(Extracted records)
- - - - -

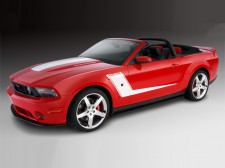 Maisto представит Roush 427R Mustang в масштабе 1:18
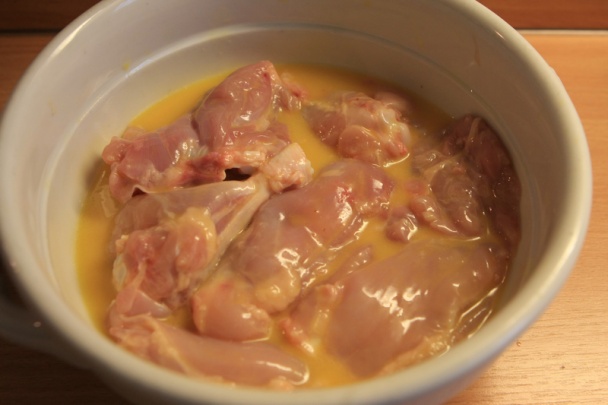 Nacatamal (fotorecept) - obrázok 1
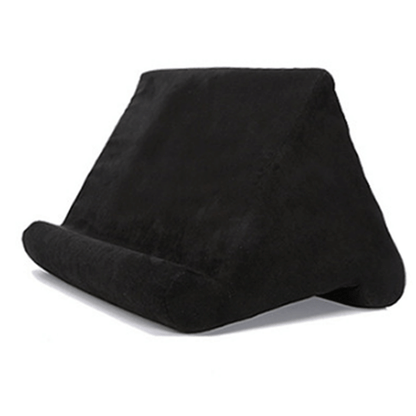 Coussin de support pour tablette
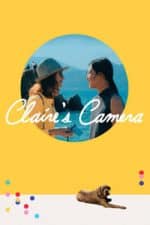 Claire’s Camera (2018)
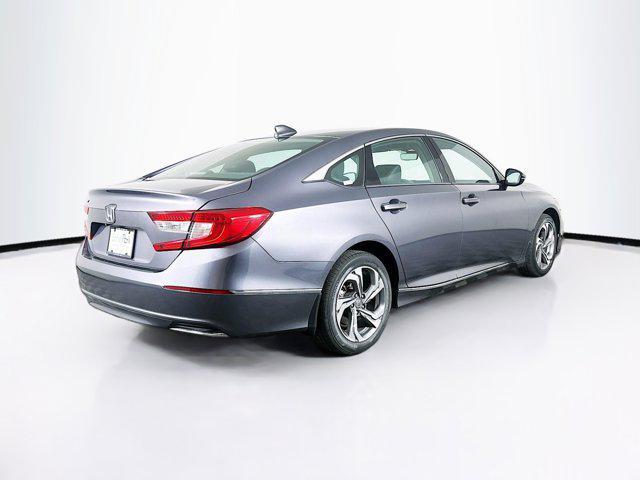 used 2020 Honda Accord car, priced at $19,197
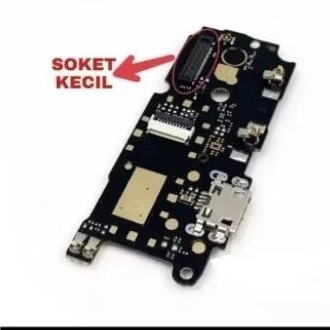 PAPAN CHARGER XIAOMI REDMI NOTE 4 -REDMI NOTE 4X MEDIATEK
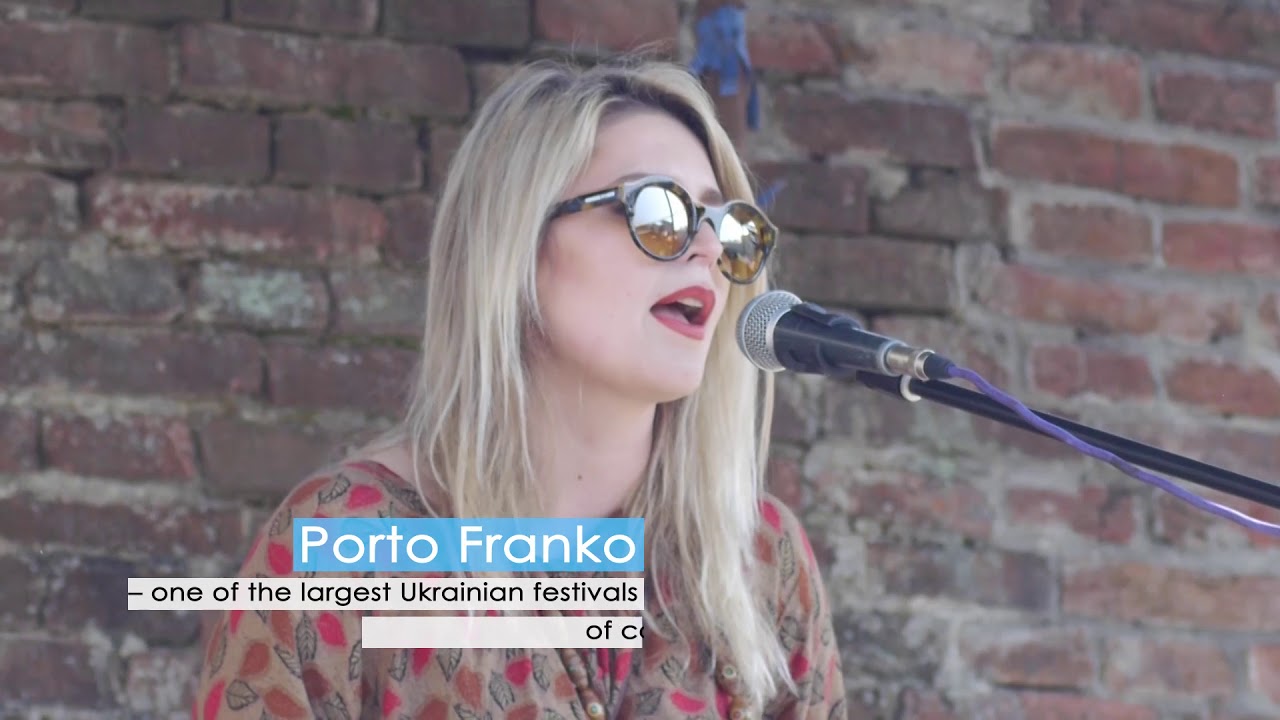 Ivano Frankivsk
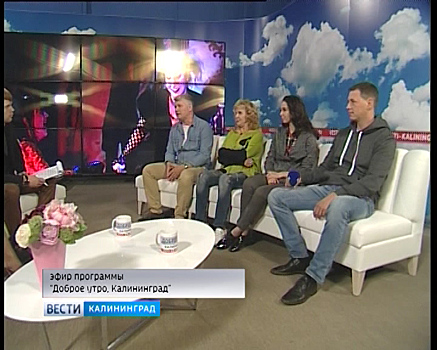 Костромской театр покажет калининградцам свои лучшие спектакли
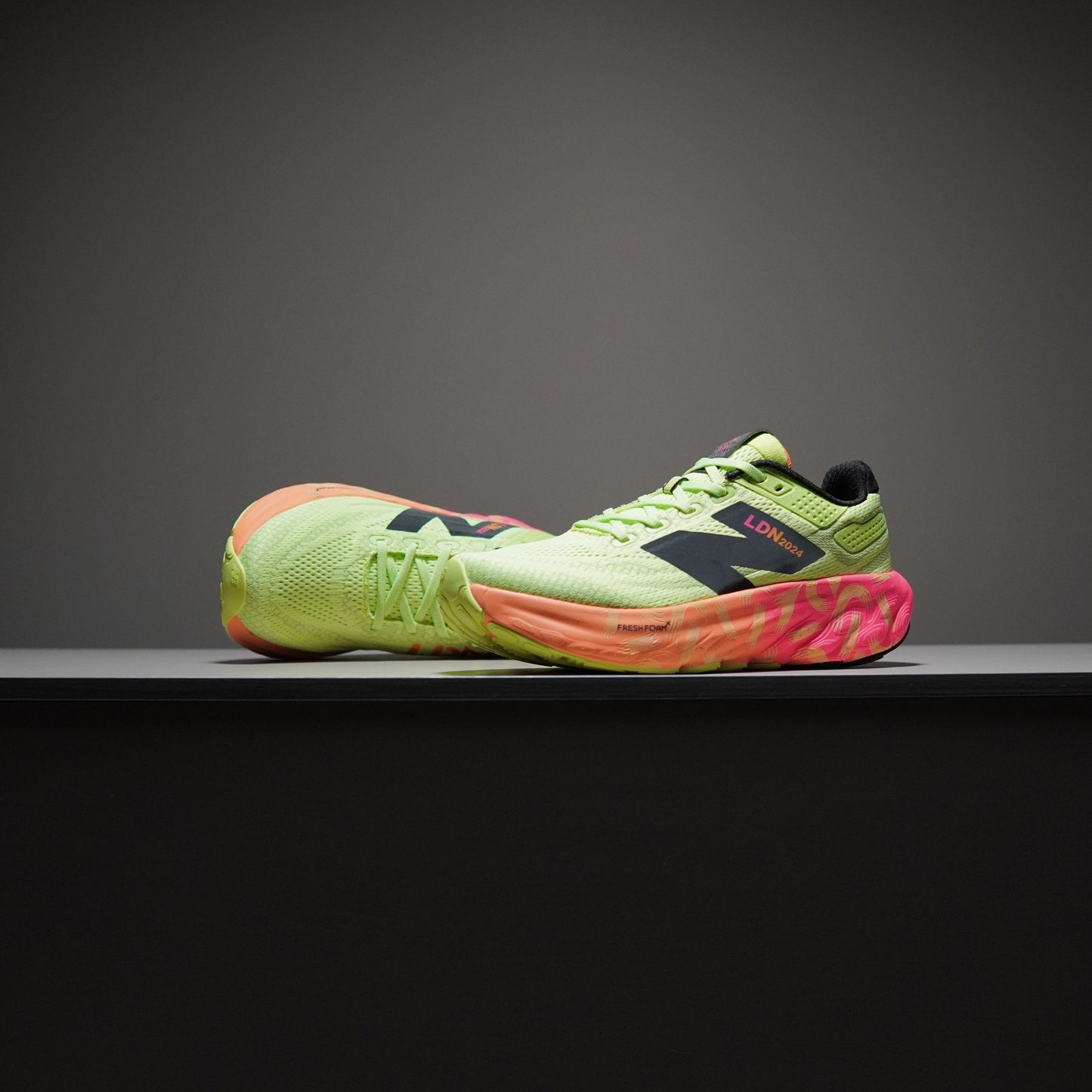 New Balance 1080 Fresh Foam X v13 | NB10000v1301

- - - - -

■ Task directions ■
Exact reproduction of the entries above is required, with pictures excluded.

■ Solution to this exercise ■
 Maisto представит Roush 427R Mustang в масштабе 1:18
 Nacatamal (fotorecept) - obrázok 1
 Coussin de support pour tablette
 Claire’s Camera (2018)
 used 2020 Honda Accord car, priced at $19,197
 PAPAN CHARGER XIAOMI REDMI NOTE 4 -REDMI NOTE 4X MEDIATEK
 Ivano Frankivsk
 Костромской театр покажет калининградцам свои лучшие спектакли
 New Balance 1080 Fresh Foam X v13 | NB10000v1301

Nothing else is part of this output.